Tesco share price has remained in a narrow range in the past few months despite the company’s growing market share and profitability growth. It was trading at 442.2 on Monday, inside a narrow range it has remained at since December. This article explores whether it is a good investment today.

Tesco’s business is thriving

Tesco, the biggest retailer in the United Kingdom, is doing well, helped by its strong geographical presence across the country and its cheaper prices. 

The company has also benefited from the management’s focus on cost management, investment in e-commerce, and price matching. All these factors have helped it continue gaining market share across other companies, including Aldi. 

It also benefited from its premium and store brands, with Tesco Finest experiencing double-digit growth for three years. Tesco’s Clubcard loyalty program is driving sales with over 24 million households participating.

Additionally, the management has simplified its business by exiting its non-core businesses. The most notable one was selling its banking operations to Barclays.

Recent results showed that the company’s like-for-like sales rose by 4.3%3 in the first half, with growth happening across the UK, Republic of Ireland (ROI), and Booker. 

Its revenue rose to £33 billion, up by 5.1% from the same period last year, with its adjusted operating profit rising modestly to £1.67 billion. Tesco’s free cash flow rose to £1.2 billion.

These results were much better than what the management was expecting, as consumers reacted positively to its initiatives. As a result, the management lifted its forward guidance for the fiscal year.

Tesco expects to make an adjusted profit of £3.1 billion, up by £100 million from the previous guidance of £3.1 billion. It also expects to save £500 million this year to offset higher operating costs. 

Therefore, Tesco share price has remained on edge as investors assess its performance and the impact of competition. There are concerns that its profitability will be impacted over time. 

On the positive side, there are signs that the company is relatively undervalued.
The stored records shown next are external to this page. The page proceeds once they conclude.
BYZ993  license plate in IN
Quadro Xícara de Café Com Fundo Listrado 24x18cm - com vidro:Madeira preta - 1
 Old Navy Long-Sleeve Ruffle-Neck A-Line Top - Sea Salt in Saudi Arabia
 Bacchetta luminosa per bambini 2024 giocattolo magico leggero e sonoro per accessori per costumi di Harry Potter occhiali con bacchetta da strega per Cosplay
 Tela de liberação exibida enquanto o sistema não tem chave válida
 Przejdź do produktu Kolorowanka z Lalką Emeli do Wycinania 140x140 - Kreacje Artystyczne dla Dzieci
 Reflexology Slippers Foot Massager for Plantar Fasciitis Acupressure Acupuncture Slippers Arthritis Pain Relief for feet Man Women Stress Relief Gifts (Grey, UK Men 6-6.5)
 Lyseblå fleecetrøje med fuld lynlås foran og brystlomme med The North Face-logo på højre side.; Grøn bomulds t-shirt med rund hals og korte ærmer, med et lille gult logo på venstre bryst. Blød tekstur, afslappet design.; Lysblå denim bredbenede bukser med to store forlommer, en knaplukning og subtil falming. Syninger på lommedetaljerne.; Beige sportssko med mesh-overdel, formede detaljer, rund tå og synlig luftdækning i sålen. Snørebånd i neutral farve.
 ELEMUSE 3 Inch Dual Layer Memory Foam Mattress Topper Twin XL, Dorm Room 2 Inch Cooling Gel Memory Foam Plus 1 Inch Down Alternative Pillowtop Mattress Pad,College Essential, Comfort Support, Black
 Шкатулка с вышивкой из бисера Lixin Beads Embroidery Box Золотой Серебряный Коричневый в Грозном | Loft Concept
It currently trades at a price-to-earnings (P/E) ratio of 17, which is much lower than other top retailers like Walmart and Sainsbury, its top competitor. It is also lower than the FTSE 100 average of 19.

Tesco share price technical analysis 

TSCO stock chart | Source: TradingView

The daily timeframe chart shows that the TSCO stock price has pulled back from the 2025 high of 481p to the current 442p. This retreat was in line with our forecast.

It has remained above the ascending trendline that links the lowest swings since August 8 last year.

The stock has also remained above the 100-day Exponential Moving Average (EMA), which is a bullish sign. It is also slightly above the Major S/R pivot point of the Murrey Math Lines tool. These technicals point to an eventual recovery, potentially to the ultimate resistance at 468p. 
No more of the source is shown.